* **DATA FOR REVIEW**:

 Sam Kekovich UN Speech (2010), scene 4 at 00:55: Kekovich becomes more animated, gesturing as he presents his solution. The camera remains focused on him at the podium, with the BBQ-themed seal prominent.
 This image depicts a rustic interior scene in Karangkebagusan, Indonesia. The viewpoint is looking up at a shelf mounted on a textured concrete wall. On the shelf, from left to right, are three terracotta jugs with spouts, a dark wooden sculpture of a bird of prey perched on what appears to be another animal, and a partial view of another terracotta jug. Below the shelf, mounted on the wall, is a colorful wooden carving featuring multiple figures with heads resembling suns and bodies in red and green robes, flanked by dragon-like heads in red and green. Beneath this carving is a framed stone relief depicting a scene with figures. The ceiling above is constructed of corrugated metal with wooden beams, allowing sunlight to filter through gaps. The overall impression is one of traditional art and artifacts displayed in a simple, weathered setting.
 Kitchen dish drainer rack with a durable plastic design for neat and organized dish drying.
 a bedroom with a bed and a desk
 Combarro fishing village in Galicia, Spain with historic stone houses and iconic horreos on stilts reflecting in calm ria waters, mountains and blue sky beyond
---
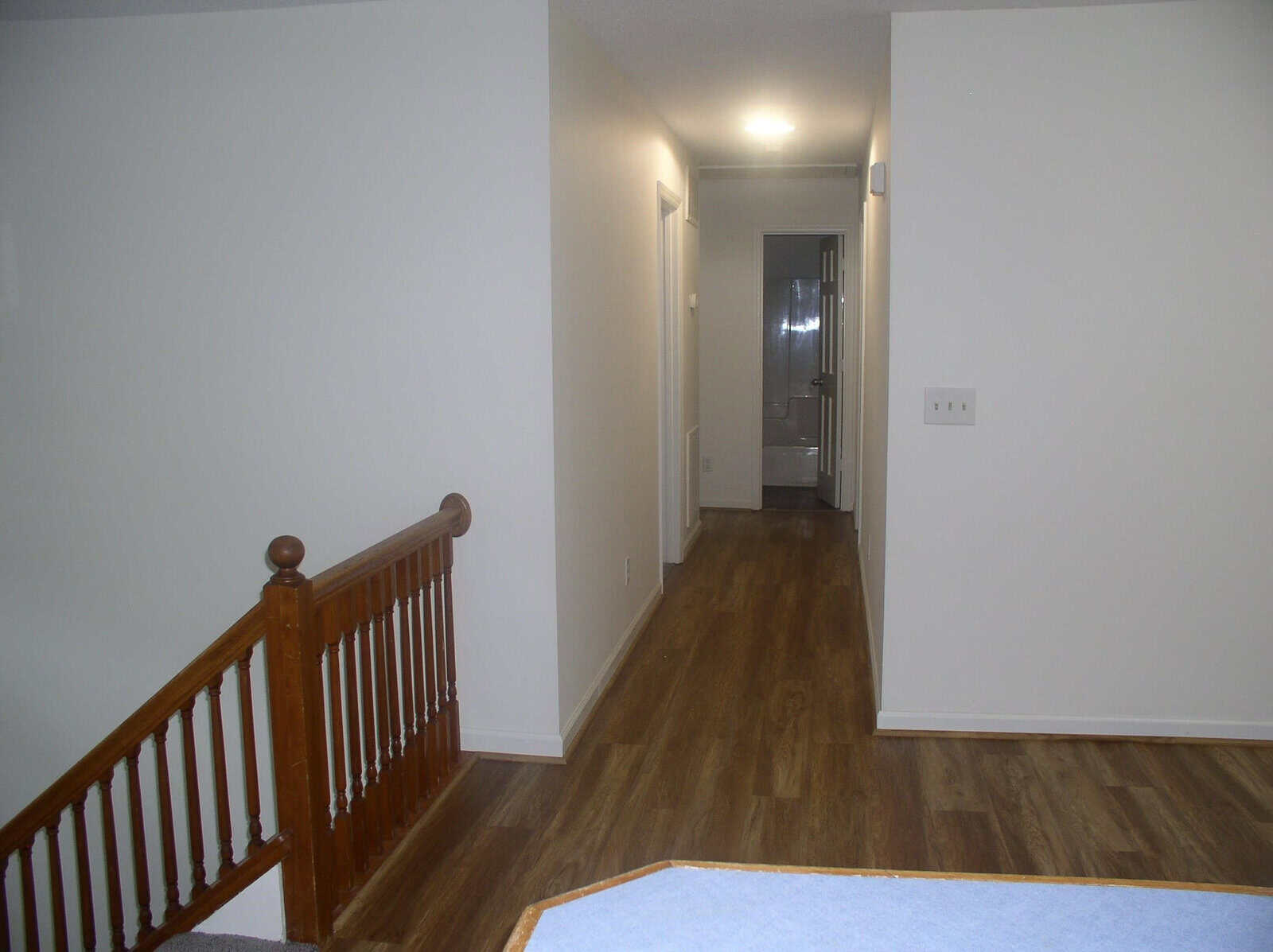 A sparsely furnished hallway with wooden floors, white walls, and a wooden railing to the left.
...
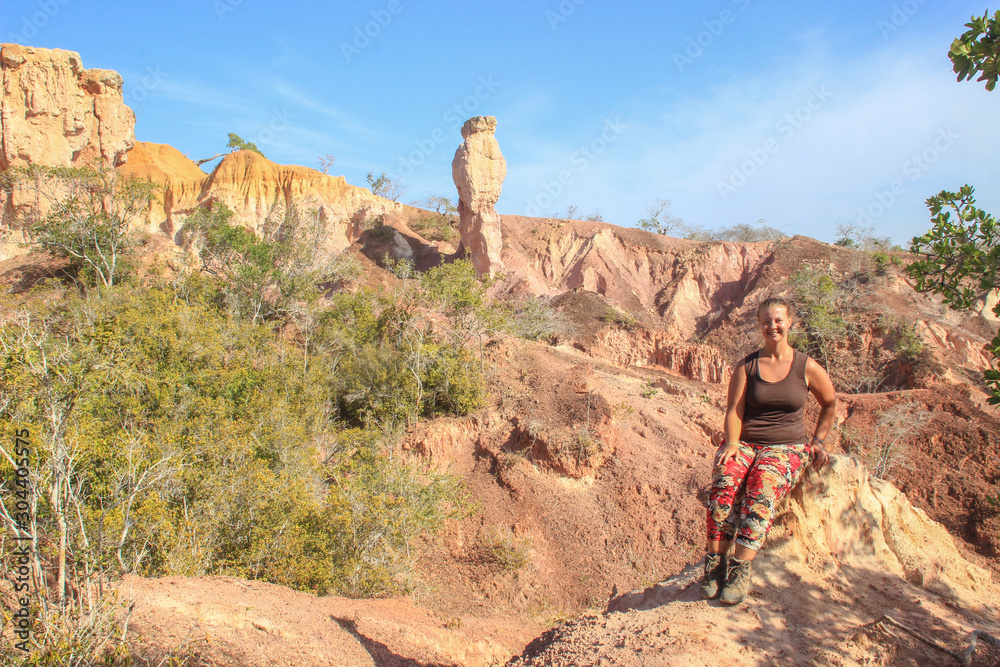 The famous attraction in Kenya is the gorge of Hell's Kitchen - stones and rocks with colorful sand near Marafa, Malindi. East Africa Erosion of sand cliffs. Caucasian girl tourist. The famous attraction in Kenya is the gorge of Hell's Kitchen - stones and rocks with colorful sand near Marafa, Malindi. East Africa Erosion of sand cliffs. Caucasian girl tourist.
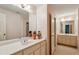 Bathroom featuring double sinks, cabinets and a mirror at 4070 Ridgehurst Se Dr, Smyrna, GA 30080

* **REQUIRED WORK**: The lines to extract from the data above begin with the line containing "Sam Kekovich UN" and end with the line containing "Combarro fishing village". Extract them exactly, including both.

* **ANSWER SECTION**:
 Sam Kekovich UN Speech (2010), scene 4 at 00:55: Kekovich becomes more animated, gesturing as he presents his solution. The camera remains focused on him at the podium, with the BBQ-themed seal prominent.
 This image depicts a rustic interior scene in Karangkebagusan, Indonesia. The viewpoint is looking up at a shelf mounted on a textured concrete wall. On the shelf, from left to right, are three terracotta jugs with spouts, a dark wooden sculpture of a bird of prey perched on what appears to be another animal, and a partial view of another terracotta jug. Below the shelf, mounted on the wall, is a colorful wooden carving featuring multiple figures with heads resembling suns and bodies in red and green robes, flanked by dragon-like heads in red and green. Beneath this carving is a framed stone relief depicting a scene with figures. The ceiling above is constructed of corrugated metal with wooden beams, allowing sunlight to filter through gaps. The overall impression is one of traditional art and artifacts displayed in a simple, weathered setting.
 Kitchen dish drainer rack with a durable plastic design for neat and organized dish drying.
 a bedroom with a bed and a desk
 Combarro fishing village in Galicia, Spain with historic stone houses and iconic horreos on stilts reflecting in calm ria waters, mountains and blue sky beyond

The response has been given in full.